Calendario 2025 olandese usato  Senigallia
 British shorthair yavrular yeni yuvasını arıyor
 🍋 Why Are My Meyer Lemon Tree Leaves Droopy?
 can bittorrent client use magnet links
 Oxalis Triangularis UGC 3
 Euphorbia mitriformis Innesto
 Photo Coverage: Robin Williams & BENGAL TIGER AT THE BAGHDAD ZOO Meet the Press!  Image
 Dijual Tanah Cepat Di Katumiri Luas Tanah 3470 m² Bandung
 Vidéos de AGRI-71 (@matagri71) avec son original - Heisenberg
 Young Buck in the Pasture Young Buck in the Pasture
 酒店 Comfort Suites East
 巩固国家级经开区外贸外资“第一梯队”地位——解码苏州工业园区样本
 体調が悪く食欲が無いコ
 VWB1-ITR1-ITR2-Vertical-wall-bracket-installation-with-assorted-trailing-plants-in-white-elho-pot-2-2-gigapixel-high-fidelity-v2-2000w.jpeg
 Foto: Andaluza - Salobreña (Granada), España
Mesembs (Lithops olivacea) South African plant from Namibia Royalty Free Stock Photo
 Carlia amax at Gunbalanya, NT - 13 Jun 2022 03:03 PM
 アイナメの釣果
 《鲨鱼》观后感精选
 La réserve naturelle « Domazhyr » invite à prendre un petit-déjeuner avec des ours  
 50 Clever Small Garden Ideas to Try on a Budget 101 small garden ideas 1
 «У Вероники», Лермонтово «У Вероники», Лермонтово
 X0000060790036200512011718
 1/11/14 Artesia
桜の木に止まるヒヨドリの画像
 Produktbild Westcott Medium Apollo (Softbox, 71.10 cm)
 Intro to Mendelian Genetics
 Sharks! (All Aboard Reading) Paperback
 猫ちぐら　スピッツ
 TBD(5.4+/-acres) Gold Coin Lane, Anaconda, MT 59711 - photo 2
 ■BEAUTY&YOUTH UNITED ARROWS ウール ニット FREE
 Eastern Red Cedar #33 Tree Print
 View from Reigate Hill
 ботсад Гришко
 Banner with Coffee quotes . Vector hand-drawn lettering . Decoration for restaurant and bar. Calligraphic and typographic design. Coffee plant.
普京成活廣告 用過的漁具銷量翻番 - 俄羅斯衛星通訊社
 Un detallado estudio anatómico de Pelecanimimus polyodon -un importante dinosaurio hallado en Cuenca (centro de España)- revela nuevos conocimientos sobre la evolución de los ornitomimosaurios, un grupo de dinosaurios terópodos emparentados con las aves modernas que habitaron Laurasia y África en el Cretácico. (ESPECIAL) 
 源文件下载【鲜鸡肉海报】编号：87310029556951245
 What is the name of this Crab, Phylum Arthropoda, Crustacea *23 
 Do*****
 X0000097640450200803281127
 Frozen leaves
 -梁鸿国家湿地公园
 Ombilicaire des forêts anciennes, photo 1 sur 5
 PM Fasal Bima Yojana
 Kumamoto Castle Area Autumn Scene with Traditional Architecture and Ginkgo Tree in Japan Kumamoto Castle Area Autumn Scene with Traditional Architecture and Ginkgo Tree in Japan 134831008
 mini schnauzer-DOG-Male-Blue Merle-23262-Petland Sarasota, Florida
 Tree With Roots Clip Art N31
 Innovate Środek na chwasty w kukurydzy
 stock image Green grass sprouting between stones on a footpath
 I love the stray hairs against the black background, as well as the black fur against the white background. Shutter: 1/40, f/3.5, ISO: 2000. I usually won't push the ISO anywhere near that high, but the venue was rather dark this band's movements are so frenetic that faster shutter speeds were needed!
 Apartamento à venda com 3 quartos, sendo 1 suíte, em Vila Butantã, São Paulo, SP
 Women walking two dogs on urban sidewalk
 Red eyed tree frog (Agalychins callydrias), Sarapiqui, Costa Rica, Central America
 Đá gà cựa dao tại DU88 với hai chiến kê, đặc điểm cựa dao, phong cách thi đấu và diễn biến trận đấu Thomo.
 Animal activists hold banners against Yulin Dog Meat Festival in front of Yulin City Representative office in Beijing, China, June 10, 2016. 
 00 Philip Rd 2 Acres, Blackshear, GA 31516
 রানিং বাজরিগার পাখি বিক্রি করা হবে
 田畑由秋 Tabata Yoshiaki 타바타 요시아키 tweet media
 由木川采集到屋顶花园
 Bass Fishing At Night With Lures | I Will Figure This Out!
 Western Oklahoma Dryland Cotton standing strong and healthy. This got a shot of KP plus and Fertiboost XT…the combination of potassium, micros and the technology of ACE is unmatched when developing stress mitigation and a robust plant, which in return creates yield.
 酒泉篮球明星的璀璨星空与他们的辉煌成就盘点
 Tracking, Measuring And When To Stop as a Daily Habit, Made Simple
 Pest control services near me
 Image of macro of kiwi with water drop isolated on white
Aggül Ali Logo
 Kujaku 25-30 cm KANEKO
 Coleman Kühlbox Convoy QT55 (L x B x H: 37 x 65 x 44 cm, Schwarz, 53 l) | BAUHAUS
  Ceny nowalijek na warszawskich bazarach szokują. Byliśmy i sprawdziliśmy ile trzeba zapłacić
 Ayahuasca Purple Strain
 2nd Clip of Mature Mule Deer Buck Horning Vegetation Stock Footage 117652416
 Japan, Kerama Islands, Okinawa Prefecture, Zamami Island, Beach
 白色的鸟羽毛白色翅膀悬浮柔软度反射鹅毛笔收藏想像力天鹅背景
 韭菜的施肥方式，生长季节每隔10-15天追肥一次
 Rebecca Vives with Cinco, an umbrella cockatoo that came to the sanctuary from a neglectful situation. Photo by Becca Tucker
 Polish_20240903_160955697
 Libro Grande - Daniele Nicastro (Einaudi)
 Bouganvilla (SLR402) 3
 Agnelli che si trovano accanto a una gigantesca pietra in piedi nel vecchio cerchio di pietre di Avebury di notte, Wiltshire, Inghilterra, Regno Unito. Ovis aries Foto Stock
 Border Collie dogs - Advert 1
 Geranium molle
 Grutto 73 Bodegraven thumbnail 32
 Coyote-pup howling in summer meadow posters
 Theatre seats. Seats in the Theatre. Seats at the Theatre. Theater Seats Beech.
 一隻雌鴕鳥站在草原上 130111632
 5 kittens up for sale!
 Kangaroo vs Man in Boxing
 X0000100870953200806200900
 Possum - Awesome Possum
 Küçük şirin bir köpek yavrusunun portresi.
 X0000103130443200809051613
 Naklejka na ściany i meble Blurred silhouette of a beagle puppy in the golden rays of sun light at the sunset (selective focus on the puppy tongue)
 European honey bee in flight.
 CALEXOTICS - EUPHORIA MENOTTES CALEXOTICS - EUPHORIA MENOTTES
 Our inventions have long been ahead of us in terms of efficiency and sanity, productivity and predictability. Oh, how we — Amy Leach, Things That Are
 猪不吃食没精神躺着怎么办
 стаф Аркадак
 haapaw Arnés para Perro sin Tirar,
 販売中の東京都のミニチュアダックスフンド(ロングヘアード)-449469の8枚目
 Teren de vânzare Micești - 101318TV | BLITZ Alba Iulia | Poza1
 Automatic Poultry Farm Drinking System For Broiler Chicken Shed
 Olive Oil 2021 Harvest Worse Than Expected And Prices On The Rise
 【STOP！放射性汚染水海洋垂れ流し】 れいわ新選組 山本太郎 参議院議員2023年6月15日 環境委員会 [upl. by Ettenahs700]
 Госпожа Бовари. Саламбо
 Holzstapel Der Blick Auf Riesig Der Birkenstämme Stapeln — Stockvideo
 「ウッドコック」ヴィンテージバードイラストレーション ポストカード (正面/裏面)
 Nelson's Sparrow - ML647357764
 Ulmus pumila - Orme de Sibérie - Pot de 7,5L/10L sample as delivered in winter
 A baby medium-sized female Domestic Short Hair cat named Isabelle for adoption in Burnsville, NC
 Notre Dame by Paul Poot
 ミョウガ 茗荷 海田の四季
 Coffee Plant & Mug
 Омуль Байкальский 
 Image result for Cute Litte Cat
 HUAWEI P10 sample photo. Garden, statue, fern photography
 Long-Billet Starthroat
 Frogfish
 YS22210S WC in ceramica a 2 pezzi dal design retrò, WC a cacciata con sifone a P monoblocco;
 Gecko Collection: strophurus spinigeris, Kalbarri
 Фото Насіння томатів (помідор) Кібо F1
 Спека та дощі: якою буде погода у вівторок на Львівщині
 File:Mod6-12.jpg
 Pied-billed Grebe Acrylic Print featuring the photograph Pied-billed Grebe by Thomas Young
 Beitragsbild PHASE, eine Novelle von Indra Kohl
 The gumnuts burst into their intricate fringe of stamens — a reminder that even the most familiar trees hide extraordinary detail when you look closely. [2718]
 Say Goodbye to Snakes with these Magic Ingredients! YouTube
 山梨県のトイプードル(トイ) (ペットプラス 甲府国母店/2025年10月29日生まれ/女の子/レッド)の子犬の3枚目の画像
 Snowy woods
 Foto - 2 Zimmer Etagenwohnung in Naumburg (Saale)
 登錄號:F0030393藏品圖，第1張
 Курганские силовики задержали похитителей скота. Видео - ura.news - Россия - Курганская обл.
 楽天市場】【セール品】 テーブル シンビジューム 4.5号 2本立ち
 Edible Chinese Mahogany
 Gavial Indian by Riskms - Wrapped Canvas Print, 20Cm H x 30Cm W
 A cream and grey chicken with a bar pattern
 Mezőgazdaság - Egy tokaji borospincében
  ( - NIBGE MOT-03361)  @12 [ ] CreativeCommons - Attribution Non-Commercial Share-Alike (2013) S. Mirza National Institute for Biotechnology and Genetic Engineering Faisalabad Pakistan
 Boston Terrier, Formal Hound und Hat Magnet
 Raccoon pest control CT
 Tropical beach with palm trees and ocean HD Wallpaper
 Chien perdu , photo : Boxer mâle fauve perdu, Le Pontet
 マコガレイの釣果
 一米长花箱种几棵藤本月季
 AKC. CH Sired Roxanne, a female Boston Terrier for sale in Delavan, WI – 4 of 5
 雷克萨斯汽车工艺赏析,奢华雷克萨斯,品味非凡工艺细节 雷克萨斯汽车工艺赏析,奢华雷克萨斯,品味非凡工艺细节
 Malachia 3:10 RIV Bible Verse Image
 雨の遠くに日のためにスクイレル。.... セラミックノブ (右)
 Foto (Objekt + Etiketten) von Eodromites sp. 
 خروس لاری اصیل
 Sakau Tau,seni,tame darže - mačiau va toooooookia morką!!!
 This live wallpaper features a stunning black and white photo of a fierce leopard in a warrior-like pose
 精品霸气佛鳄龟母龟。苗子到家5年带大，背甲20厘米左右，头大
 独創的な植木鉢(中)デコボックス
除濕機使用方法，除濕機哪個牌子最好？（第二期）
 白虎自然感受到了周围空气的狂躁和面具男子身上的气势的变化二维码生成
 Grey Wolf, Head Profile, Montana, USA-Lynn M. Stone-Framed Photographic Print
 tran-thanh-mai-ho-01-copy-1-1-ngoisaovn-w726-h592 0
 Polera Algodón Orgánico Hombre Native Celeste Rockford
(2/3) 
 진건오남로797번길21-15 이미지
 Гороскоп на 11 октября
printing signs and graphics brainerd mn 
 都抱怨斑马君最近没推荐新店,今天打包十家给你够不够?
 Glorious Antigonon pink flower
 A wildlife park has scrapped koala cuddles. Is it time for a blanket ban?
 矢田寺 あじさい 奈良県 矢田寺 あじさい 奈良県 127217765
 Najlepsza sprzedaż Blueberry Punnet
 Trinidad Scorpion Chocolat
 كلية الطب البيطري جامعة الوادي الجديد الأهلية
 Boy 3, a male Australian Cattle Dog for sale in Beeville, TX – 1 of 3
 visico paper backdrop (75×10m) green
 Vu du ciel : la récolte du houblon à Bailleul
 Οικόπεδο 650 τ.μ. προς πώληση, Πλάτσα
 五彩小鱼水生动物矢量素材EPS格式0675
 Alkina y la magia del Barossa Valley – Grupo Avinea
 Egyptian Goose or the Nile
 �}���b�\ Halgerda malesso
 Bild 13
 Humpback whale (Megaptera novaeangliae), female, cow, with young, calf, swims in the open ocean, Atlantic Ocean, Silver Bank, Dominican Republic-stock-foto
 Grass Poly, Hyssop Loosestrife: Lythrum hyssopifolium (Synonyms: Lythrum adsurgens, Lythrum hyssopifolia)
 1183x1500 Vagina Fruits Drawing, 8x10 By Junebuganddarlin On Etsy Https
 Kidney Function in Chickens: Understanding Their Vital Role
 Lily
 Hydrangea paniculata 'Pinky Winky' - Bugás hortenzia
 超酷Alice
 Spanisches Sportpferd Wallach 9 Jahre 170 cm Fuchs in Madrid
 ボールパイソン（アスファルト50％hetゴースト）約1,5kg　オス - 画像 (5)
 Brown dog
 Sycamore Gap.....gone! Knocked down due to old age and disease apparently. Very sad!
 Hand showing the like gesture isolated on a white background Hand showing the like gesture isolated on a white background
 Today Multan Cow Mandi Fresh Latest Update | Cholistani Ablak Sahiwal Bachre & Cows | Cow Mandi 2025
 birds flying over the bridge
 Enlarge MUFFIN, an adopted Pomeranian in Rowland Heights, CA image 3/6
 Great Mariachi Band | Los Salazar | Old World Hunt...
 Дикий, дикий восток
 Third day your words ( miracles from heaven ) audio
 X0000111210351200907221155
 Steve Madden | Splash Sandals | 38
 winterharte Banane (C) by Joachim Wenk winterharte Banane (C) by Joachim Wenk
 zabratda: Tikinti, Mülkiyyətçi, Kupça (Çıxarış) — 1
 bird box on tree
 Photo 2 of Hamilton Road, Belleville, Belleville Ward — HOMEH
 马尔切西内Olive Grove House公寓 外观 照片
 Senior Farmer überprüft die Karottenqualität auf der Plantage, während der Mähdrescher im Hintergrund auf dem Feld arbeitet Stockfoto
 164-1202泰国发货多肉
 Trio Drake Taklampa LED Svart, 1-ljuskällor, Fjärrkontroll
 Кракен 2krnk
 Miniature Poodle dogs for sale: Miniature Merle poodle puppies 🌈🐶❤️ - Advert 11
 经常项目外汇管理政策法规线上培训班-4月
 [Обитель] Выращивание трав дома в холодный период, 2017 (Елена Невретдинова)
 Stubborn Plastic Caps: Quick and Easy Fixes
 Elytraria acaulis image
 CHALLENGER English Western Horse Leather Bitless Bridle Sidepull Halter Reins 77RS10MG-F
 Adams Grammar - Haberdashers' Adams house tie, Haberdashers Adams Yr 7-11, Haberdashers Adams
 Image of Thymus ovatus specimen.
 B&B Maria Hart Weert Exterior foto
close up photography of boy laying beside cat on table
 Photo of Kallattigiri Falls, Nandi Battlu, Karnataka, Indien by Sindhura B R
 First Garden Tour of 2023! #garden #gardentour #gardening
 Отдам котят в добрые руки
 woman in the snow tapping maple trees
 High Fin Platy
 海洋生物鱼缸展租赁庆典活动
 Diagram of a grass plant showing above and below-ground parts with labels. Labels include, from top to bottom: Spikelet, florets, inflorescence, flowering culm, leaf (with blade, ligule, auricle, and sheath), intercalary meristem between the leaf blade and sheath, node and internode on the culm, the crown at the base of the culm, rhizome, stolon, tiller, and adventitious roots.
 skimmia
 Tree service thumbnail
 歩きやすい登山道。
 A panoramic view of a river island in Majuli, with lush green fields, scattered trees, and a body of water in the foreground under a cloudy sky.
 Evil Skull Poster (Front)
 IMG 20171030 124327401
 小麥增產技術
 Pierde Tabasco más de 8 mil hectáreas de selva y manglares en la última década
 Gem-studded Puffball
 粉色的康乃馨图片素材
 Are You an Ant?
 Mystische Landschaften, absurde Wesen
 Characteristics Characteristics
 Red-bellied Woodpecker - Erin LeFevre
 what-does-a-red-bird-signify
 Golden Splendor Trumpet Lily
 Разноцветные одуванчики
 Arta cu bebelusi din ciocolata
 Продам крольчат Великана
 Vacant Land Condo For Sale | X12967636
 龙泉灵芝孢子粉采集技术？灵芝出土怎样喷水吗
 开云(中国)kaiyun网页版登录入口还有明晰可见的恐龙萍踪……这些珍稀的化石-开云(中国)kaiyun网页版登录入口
━━━
:: Your assignment ::
Every line of the data that includes the word "Buck" should be copied.

:: Reply ::
 Young Buck in the Pasture Young Buck in the Pasture
 2nd Clip of Mature Mule Deer Buck Horning Vegetation Stock Footage 117652416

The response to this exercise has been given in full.